PLAINFIELD – The big blue campaign bus disgorged its contents and a white-clad figure alighted on the sidewalk in front of City Hall, accompanying Newark Mayor Cory Booker amid local cheers on the eve of the U.S. Senate Special Election.
It was television star Eva Longoria, here in part to deflect Wall Street headlines away from Booker with a heavy dose of eye shadow and populist princess vibes.
“Stake your claim and vote for Cory Booker tomorrow,” Longoria told the crowd of 100 encamped in the heat.
“I think we claim him as a Latino,” added the Mexican American from Texas, who praised Booker as a good friend and great leader, whose “compassion supersedes his great intelligence.”
Booker met Longoria when he served as a surrogate for President Barack Obama’s re-election campaign.
That was when he said he was sickened by ads by the Obama Campaign that targeted Bain Capital – and consequently sickened Obama allies who wanted Booker to rip the heads off the Mitt Romney Campaign not look for ways to make nice with the rich and powerful.
Longoria represented the pleasant part of what was an embattled effort by Booker on Obama’s behalf,a and she surfaced today with the bearing of someone who had done this before.
“They used to tell me when I’d show up as a surrogate, ‘Nice to meet you, but is Eva coming back?’” Booker delighted in front of the crowd, organized in large part of Assemblyman Jerry Green (D-22), chairman of the Union County Democratic Party.
Dodging brickbats on his way into Election Day as stories in The New York Times and New York Post have both called into question Booker’s investor ties while serving as mayor of Newark, the front-running Senate candidate in the Democratic primary chose broad strokes at the podium behind a mobbed rope line.
“There’s too much violence and too much crime,” he shouted. “We are here today because of a conspiracy of love.”
Plainfield occupies an interesting political crossroads in this election.
Prior to 2011 redistricting, Union County’s Queen city was in U.S. Rep.

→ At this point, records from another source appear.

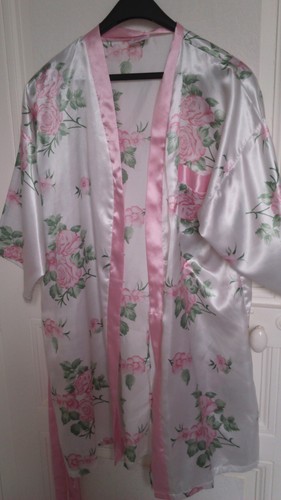 Robe chambre fleurie - chambre,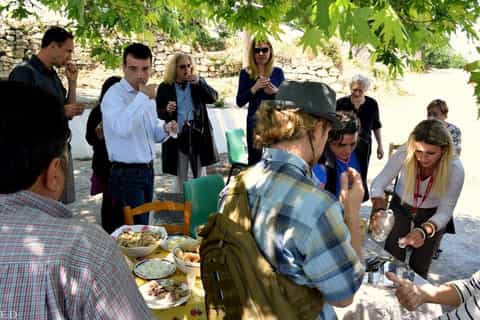 Ancienne forêt de Kroustas et cabane de Shepherd crétoise avec déjeuner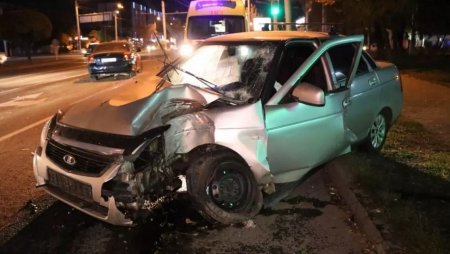 Лишенный прав водитель попал в ДТП в Алматы.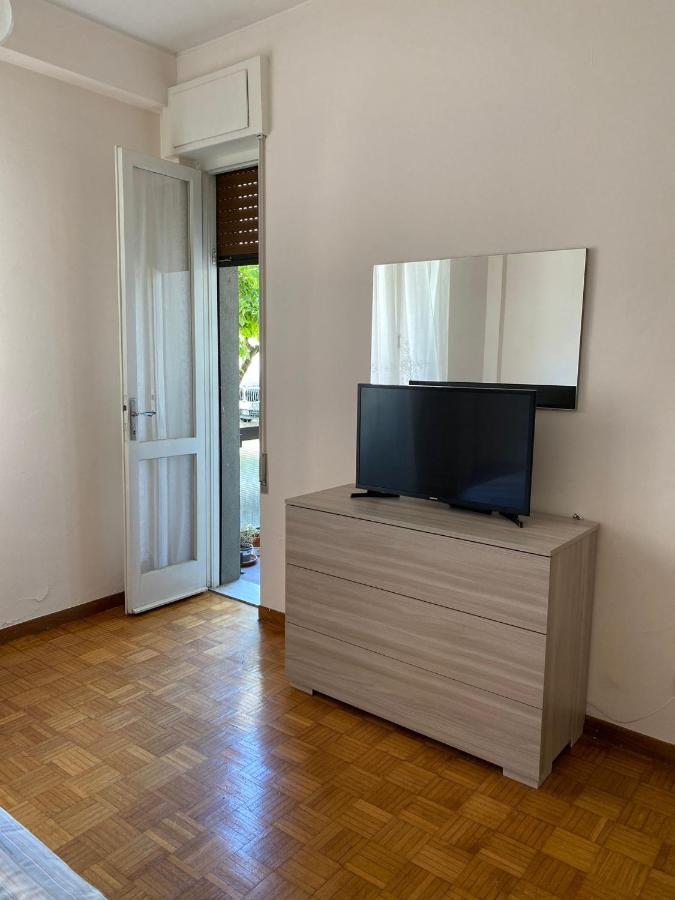 Vesna Apartment Desenzano del Garda Luaran gambar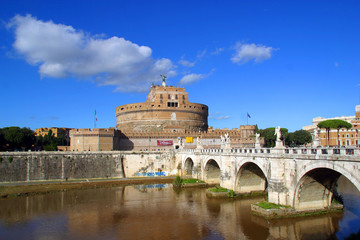 Obraz premium Italia,lazio,Roma,il fiume Tevere e Castel Sant'Angelo.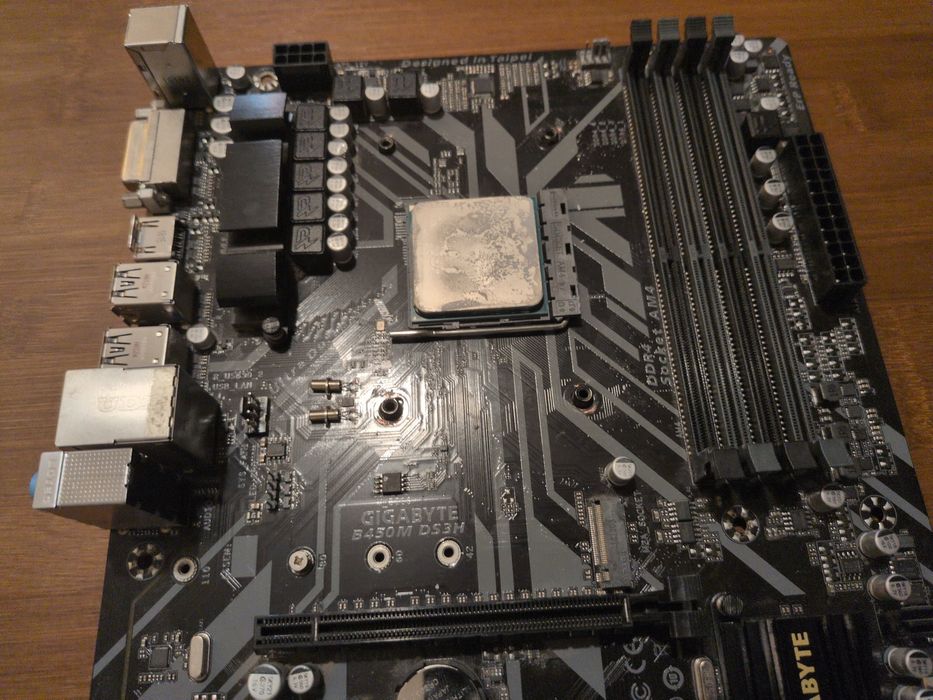 Pentru piese: Gigabyte B450M DS3H + Ryzen 5 1600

Pallone’s (D-6) district.
Then U.S. Rep. Rush Holt (D-12) absorbed it into the twelfth.
Both Pallone and Holt want to beat Booker tomorrow and become the next senator.
At least one vibrant local voice – Councilwoman Rebecca Williams – a self-professed progressive – wants Holt to win.
Councilman Adrian Mapp, who won the Democratic Primary for mayor, ousting veteran Sharon Robinson-Briggs – is staying neutral. He wants to be able to work with Holt, but for the time being, “Holt is an unknown.”
The longtime power broker at the center of Plainfield politics, Green made clear today his alignment with Booker.